Captioned web images:
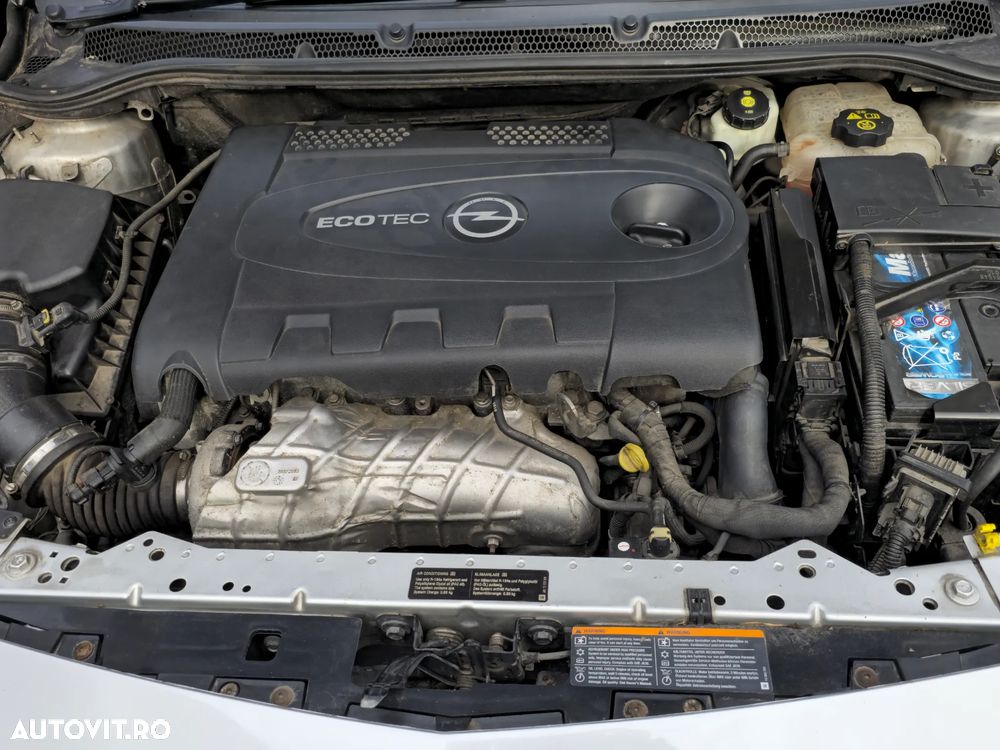 Opel Astra Sports Tourer 2.0 CDTI - 11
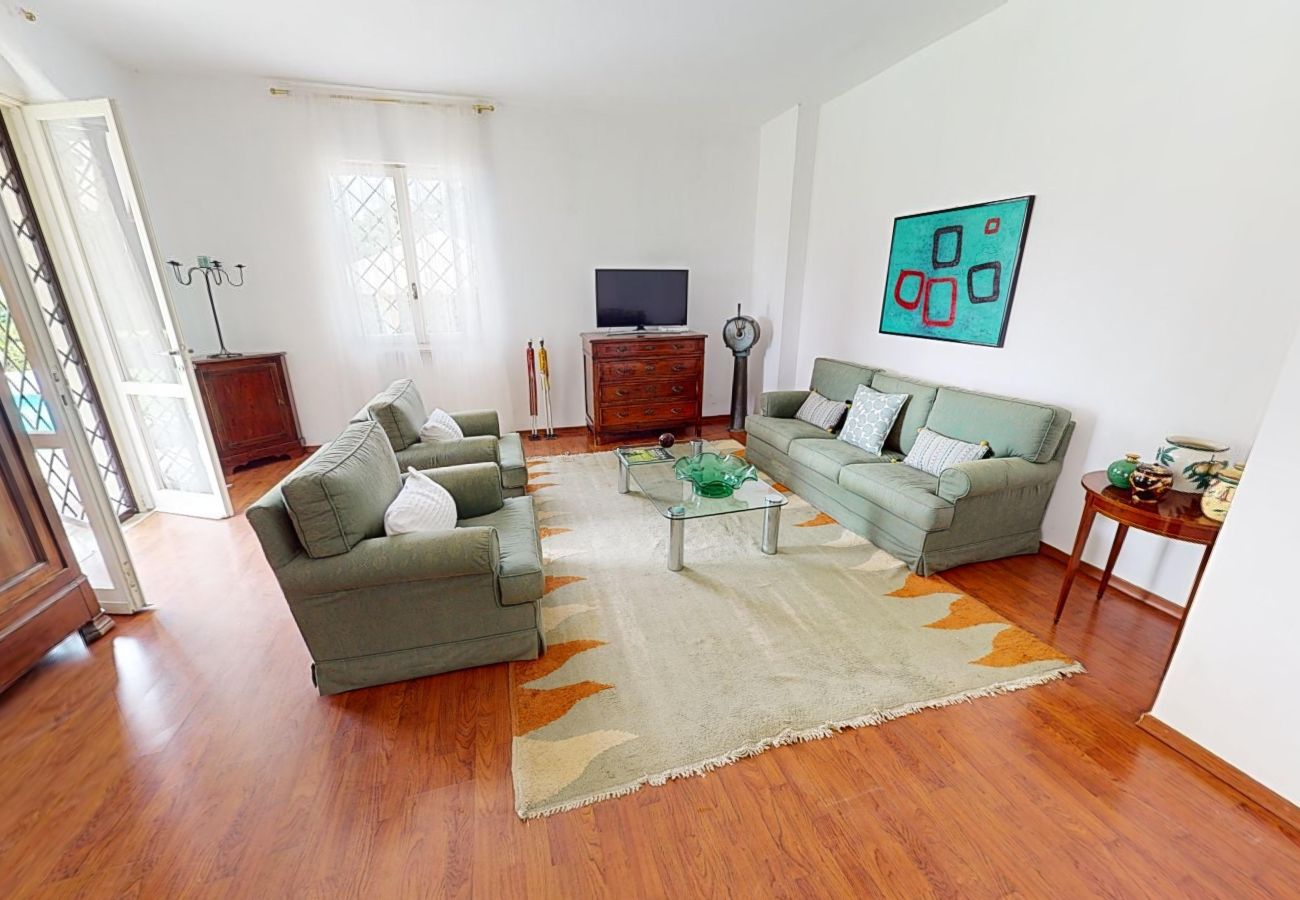 Villa in Salò - Villa Oleandri mit Pool-BGL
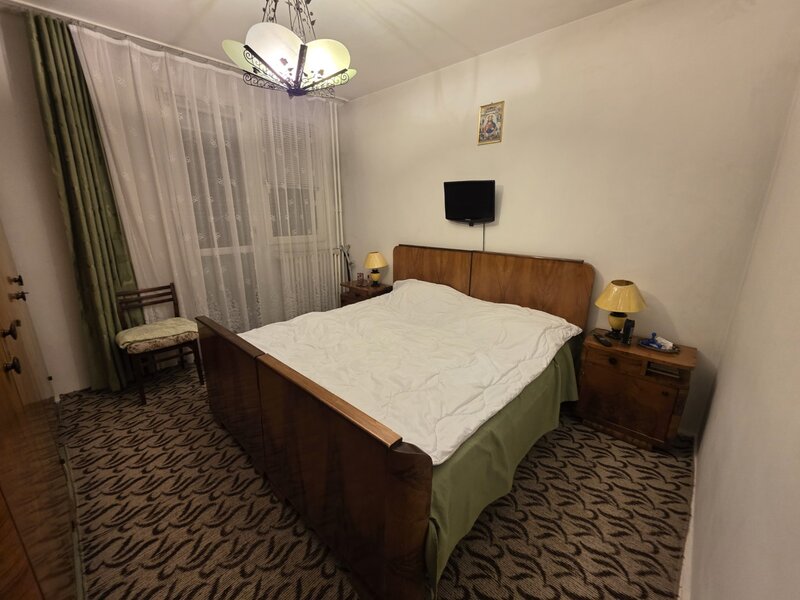 Titan, 5 minute metrou, strandul Cara, pe strada Stanila, bloc H, 4 etaje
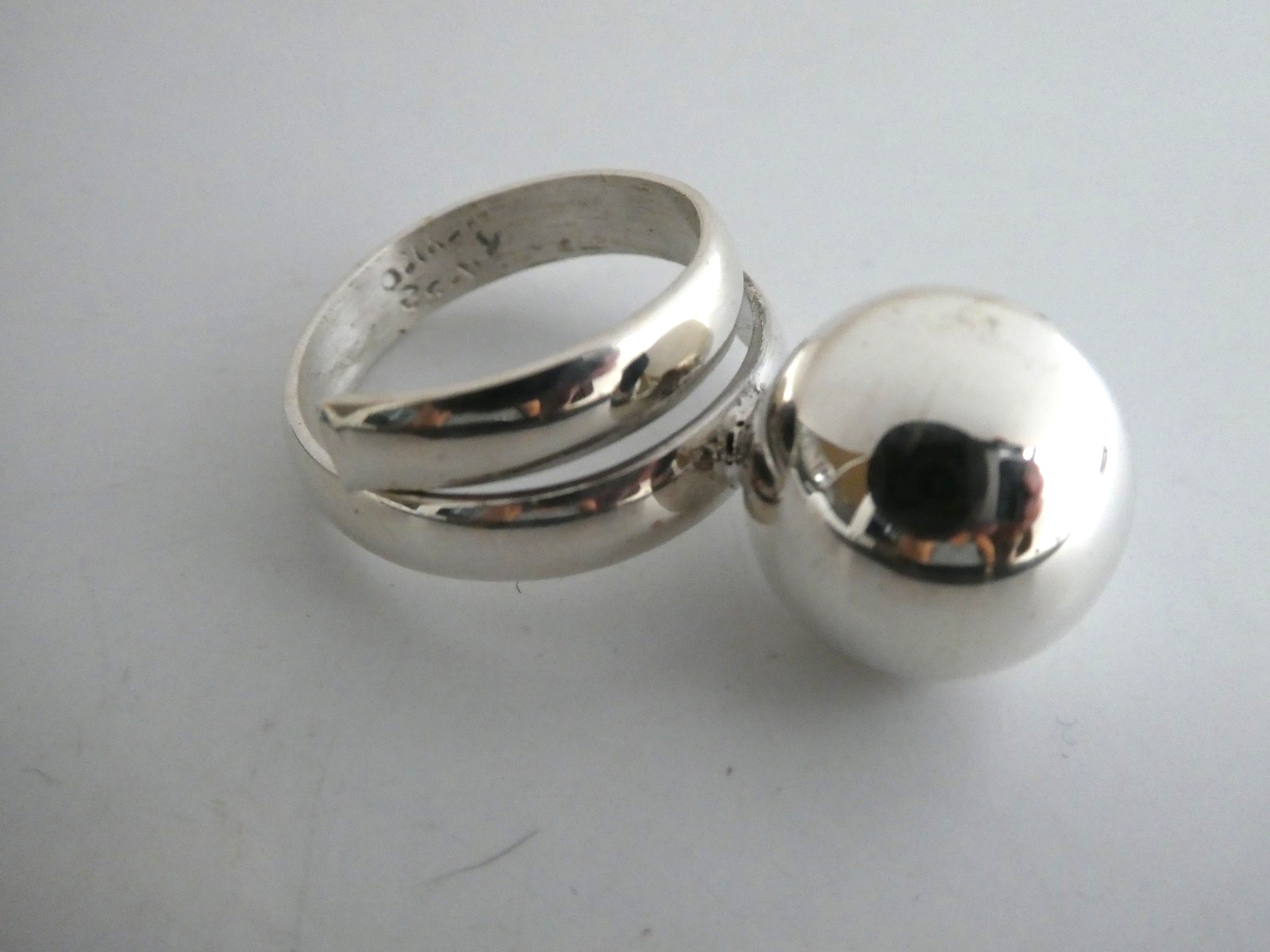 Mexico Signed TN-52 Harmony Jingle BALL Sterling 925 Adjustable RING 7 to 9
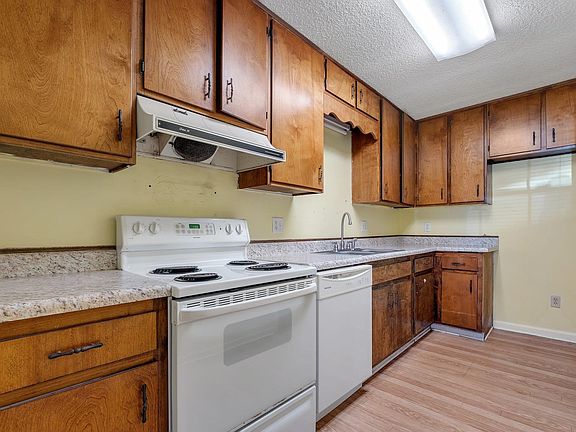 5th image of 2395 Gregory Dr
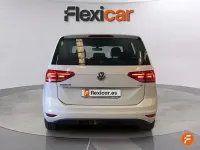 Usado VW Touran Advance 110 CV (80 kW) 2016 Blanco Monovolumen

Requirement:
Leave out all images, then reproduce the entries above exactly.

Expected answer:
 Opel Astra Sports Tourer 2.0 CDTI - 11
 Villa in Salò - Villa Oleandri mit Pool-BGL
 Titan, 5 minute metrou, strandul Cara, pe strada Stanila, bloc H, 4 etaje
 Mexico Signed TN-52 Harmony Jingle BALL Sterling 925 Adjustable RING 7 to 9
 5th image of 2395 Gregory Dr
 Usado VW Touran Advance 110 CV (80 kW) 2016 Blanco Monovolumen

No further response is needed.